= Vangent =

Vangent, Inc. was a major provider of healthcare information technology and business systems for U.S. federal agencies. It held an $18.1 billion contract with the United States Office of Personnel Management to support the Federal Employees Health Benefits Program. Before being acquired by General Dynamics Information Technology (GDIT) in 2011, Vangent specialized in IT services, human capital management, and business process outsourcing. The company was particularly recognized for its work in health informatics, electronic health records, and data analytics.

Vangent traced its roots to Pearson Government Solutions, a division of Pearson PLC, which was sold to Veritas Capital in 2007 and rebranded as Vangent, Inc. The company operated in sectors such as health care, education, defense, and civilian government services, managing large-scale data systems and call centers for federal agencies. Its expertise in secure information handling made it a trusted contractor for programs related to Medicare, Medicaid, and the Department of Health and Human Services. After its acquisition by General Dynamics in 2011 for approximately $960 million, Vangent’s operations were integrated into General Dynamics Information Technology (GDIT), expanding GDIT’s capabilities in health and civilian agency support.

Vangent’s work extended beyond traditional IT services into large-scale program management and data-driven policy support. The company developed systems to streamline eligibility verification, benefits administration, and public health data reporting for various government agencies. Its solutions often focused on improving operational efficiency and compliance with federal regulations, particularly in areas where data privacy and accuracy were critical. Through its analytics and call center operations, Vangent played a key role in citizen engagement initiatives, helping agencies deliver more accessible and transparent services.

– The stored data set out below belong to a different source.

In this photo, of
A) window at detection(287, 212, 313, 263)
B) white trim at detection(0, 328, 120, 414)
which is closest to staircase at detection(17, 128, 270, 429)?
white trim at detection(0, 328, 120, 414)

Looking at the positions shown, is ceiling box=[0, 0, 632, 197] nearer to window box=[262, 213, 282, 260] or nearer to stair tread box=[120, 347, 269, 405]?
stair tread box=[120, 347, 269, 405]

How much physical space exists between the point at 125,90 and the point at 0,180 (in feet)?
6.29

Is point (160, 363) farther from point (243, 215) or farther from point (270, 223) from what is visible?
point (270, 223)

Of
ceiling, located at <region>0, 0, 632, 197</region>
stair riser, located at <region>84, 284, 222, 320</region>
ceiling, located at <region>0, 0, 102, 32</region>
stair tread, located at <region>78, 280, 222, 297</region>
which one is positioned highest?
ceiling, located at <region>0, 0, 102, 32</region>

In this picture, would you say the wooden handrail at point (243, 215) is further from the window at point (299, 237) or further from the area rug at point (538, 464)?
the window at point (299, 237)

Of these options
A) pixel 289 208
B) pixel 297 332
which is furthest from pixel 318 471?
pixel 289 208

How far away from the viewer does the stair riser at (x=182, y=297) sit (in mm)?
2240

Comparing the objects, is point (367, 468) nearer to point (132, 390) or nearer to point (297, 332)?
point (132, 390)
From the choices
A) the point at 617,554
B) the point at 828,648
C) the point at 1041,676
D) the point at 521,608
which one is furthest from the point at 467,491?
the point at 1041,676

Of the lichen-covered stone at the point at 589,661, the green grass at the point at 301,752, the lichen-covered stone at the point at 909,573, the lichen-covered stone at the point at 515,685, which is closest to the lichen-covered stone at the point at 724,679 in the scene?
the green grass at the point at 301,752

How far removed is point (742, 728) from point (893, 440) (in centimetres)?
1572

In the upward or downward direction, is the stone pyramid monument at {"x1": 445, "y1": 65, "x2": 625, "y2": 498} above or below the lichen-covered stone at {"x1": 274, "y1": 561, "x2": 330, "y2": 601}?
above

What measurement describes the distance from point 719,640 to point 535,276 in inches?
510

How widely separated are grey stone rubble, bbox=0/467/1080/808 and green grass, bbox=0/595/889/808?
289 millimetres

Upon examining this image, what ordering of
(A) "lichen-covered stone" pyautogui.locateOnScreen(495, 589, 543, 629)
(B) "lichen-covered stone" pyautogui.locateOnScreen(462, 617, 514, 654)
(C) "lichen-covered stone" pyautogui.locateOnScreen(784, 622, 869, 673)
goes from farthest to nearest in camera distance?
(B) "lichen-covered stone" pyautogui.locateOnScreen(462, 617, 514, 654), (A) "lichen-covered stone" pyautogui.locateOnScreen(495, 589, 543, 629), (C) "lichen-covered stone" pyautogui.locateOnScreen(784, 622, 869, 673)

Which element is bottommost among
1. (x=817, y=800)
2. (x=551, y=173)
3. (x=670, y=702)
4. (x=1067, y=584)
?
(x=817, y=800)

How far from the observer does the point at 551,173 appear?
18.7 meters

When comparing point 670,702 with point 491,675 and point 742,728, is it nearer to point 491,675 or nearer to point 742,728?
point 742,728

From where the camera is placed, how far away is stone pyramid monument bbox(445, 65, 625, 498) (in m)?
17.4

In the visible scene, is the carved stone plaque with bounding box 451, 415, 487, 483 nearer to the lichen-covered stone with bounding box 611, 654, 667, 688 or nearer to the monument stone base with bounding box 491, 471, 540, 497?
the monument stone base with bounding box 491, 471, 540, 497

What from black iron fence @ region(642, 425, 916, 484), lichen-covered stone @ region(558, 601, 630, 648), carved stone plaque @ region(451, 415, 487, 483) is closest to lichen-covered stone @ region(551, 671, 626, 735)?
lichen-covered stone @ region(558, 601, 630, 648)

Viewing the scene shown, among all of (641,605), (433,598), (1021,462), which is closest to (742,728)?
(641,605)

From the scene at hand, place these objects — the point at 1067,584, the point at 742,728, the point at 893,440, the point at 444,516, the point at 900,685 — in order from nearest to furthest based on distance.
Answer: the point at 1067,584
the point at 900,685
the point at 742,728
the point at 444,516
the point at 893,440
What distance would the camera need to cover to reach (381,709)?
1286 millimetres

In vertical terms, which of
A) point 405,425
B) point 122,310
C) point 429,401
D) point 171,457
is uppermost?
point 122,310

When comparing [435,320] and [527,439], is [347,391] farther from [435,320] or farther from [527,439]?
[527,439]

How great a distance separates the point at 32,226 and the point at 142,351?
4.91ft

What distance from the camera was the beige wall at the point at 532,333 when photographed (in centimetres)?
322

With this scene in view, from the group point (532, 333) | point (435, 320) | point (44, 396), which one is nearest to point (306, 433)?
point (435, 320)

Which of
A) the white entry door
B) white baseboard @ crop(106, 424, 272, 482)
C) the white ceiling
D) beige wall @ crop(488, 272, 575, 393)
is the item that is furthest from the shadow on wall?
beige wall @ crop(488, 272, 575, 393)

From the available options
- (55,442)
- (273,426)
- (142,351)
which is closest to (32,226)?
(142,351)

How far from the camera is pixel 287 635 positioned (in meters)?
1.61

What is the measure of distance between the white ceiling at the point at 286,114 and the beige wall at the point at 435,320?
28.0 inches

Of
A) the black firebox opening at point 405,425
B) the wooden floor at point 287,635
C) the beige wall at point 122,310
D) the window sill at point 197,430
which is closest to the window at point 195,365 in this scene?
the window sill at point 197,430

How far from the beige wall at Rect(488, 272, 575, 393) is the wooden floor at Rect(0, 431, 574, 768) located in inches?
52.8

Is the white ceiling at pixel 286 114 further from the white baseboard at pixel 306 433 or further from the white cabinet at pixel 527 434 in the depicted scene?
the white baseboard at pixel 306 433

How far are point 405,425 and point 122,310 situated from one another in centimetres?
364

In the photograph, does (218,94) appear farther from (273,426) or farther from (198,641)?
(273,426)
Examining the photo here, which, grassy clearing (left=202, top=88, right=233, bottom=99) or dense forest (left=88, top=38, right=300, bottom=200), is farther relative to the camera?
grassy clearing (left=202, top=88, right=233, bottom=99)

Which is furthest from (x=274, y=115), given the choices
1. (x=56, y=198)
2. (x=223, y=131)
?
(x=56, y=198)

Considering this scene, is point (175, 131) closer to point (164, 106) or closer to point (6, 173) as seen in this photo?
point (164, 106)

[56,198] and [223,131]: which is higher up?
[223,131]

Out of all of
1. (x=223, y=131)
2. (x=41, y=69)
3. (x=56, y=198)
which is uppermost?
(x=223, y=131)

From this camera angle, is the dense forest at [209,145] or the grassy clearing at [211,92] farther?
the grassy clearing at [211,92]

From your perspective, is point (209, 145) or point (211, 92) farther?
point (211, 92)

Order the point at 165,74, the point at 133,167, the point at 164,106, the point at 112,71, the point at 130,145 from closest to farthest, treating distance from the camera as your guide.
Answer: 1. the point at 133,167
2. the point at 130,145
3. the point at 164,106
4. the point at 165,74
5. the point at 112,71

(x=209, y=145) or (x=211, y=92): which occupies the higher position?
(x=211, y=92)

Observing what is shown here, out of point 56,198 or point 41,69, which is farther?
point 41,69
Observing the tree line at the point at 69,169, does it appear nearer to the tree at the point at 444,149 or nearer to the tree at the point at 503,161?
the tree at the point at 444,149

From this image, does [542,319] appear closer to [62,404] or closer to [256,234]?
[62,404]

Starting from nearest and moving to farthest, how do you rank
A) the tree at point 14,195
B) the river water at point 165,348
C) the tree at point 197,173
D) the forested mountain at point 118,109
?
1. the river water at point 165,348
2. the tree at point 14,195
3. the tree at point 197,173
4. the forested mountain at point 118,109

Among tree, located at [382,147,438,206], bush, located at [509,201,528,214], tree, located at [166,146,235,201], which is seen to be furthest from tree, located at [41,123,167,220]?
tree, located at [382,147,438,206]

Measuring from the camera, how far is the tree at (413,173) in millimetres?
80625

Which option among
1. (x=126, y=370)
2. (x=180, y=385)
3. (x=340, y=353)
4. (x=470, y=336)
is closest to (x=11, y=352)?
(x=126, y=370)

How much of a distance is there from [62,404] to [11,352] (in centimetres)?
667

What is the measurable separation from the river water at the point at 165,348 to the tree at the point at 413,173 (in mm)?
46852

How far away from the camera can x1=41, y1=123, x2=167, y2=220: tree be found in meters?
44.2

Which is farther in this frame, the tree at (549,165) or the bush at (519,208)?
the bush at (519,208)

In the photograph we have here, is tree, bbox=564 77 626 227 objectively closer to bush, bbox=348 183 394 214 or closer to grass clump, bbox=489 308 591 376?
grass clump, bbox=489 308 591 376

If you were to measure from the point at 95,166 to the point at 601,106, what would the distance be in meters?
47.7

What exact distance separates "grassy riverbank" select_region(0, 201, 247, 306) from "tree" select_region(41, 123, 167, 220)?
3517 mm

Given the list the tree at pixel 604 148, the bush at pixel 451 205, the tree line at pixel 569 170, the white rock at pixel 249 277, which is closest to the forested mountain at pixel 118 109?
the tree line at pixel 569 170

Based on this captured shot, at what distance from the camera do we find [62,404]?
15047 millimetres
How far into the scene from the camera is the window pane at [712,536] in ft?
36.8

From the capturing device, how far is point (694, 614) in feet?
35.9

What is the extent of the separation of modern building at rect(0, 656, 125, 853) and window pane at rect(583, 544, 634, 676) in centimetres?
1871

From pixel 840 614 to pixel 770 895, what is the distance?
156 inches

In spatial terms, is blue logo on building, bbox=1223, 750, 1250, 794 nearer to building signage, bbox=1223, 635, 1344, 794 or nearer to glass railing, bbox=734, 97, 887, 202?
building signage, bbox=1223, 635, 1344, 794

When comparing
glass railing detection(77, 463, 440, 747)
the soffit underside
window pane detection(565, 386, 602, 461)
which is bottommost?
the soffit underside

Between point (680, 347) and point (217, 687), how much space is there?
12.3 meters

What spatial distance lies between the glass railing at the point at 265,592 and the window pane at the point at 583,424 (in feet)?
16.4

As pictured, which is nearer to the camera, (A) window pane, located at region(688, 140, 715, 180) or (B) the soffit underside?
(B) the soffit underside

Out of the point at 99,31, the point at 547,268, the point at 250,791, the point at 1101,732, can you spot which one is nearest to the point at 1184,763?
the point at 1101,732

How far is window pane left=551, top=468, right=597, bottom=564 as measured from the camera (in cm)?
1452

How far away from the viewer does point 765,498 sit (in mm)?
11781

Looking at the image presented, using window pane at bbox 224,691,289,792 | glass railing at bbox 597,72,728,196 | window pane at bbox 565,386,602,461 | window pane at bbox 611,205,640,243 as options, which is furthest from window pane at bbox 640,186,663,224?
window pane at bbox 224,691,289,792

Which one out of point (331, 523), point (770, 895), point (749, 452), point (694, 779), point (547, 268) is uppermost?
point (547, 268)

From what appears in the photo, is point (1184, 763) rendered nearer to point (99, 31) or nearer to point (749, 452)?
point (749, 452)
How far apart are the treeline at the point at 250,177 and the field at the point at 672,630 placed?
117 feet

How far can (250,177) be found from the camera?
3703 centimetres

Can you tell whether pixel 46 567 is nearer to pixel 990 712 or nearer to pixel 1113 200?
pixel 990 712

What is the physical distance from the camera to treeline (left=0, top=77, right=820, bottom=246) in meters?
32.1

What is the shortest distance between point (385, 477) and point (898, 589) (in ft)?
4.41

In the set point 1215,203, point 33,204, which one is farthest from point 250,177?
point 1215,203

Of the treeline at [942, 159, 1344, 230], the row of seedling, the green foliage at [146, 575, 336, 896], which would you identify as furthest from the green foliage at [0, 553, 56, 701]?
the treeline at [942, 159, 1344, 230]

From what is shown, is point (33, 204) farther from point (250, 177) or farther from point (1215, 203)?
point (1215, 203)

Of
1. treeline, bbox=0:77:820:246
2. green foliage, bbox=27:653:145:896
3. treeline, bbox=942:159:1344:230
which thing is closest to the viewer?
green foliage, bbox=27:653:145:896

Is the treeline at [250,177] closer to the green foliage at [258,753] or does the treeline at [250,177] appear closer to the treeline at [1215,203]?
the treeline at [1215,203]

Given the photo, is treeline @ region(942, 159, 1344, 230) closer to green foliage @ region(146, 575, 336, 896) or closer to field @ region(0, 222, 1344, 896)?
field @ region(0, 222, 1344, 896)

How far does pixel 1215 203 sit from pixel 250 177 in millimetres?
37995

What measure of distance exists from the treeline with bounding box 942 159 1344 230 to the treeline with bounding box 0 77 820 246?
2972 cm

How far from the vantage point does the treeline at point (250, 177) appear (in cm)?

Before its acquisition, Vangent employed thousands of professionals across multiple U.S. locations, including major facilities in Arlington, Virginia, and Coralville, Iowa. The company was known for its culture of technical expertise and emphasis on federal contracting standards such as CMMI and ISO certifications. After merging into General Dynamics Information Technology, many of Vangent’s programs and personnel were integrated into GDIT’s Health Solutions sector, contributing to the company’s continued leadership in federal health IT and data management. The acquisition also allowed GDIT to expand its footprint in civilian government markets, particularly in healthcare analytics and customer service operations.

== Acquisitions ==

- In 2006, Vangent (then operating as Pearson Government Solutions) acquired Blueprint Technologies, Inc., a company providing IT and government systems support.
- In August 2010, Vangent acquired Buccaneer Computer Systems & Service, Inc. for about US$65 million in cash. Buccaneer was a firm specializing in IT infrastructure, secure data hosting, and data analytics for federal and state government customers.

- On September 30, 2011, Vangent was acquired by General Dynamics Information Technology (GDIT), a business unit of General Dynamics. The transaction was valued at approximately US$960 million in cash. After the merger, Vangent's operations and contracts were folded into GDIT’s broader government IT, health-IT, and business process outsourcing operations.